Tag: Office

  • Open MSO 2007 Files in Earlier Versions

    I personally prefer the older version of Microsoft Office 2003 than the newer MSO 2007.[1] I have classmates who use the newer version on their Vistas, but I still work on documents, spreadsheets and presentations on my MSO 2003 with a Windows XP. In a situation like this where group projects and collaborative works are a necessity to get things done, and a non-ideal working environment of different computers with different software,[2] I happily share a solution for those people who cannot just give up an older licensed copy for a cracked upgrade.

    Microsoft Office 2007 has a multitude of changes compared to the earlier versions. It doesn’t have the standard menu-and-toolbar environment we are used to be working on, but a general-purpose Office button and the Ribbon of the new Fluent User Interface. It also comes with a set of new file formats from the Office Open XML specification, primarily the .docx, .xlsx and .pptx file formats. Using ZIP compression, these new file formats are a lot smaller than the old formats[3] MSO 2003 or earlier versions create.
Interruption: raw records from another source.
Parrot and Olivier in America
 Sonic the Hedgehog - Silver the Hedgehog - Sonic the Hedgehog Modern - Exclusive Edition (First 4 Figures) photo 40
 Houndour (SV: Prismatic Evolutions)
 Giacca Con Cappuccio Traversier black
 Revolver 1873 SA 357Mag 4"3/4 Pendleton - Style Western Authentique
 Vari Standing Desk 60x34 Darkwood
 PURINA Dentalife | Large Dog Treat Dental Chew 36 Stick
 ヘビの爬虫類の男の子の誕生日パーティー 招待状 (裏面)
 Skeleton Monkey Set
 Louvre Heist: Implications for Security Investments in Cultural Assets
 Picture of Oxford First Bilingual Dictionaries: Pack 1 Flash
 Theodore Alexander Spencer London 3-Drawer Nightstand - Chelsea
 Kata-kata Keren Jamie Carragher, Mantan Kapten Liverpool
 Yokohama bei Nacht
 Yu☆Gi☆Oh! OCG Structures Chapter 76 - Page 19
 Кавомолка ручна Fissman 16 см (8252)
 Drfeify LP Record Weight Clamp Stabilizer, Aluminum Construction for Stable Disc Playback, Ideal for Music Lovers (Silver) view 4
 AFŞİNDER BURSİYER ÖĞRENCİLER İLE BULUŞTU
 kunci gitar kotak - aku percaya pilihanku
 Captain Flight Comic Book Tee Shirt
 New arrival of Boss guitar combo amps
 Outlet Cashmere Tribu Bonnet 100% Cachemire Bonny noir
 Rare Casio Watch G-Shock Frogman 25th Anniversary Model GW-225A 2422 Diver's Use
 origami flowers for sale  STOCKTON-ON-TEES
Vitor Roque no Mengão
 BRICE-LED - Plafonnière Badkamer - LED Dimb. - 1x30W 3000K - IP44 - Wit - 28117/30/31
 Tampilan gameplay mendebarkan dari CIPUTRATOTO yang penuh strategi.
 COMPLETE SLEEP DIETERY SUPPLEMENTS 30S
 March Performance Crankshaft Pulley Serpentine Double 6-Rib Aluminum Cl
    If you still have your Microsoft Office version at 2000, XP (2002) and 2003, you may want to install the Microsoft Office Compatibility Pack for Word, Excel, and PowerPoint 2007 File Formats. This will enable you to open, edit, and save documents, workbooks, and presentations in the file formats new to Microsoft Office Word, Excel, and PowerPoint 2007. You just need to update to the latest service packs for those earlier versions. There are, however, some document element differences you may encounter while working on a newer file format with an older application version.

    Footnotes:

    1. ^ especially because I know a bug I still haven’t had news about being fixed.
    2. ^ or software versions.
    3. ^ .doc, .xls and .ppt, respectively.
  • Avoid MS Excel 2007

    I’ve just read this news from /. about Microsoft Excel 2007.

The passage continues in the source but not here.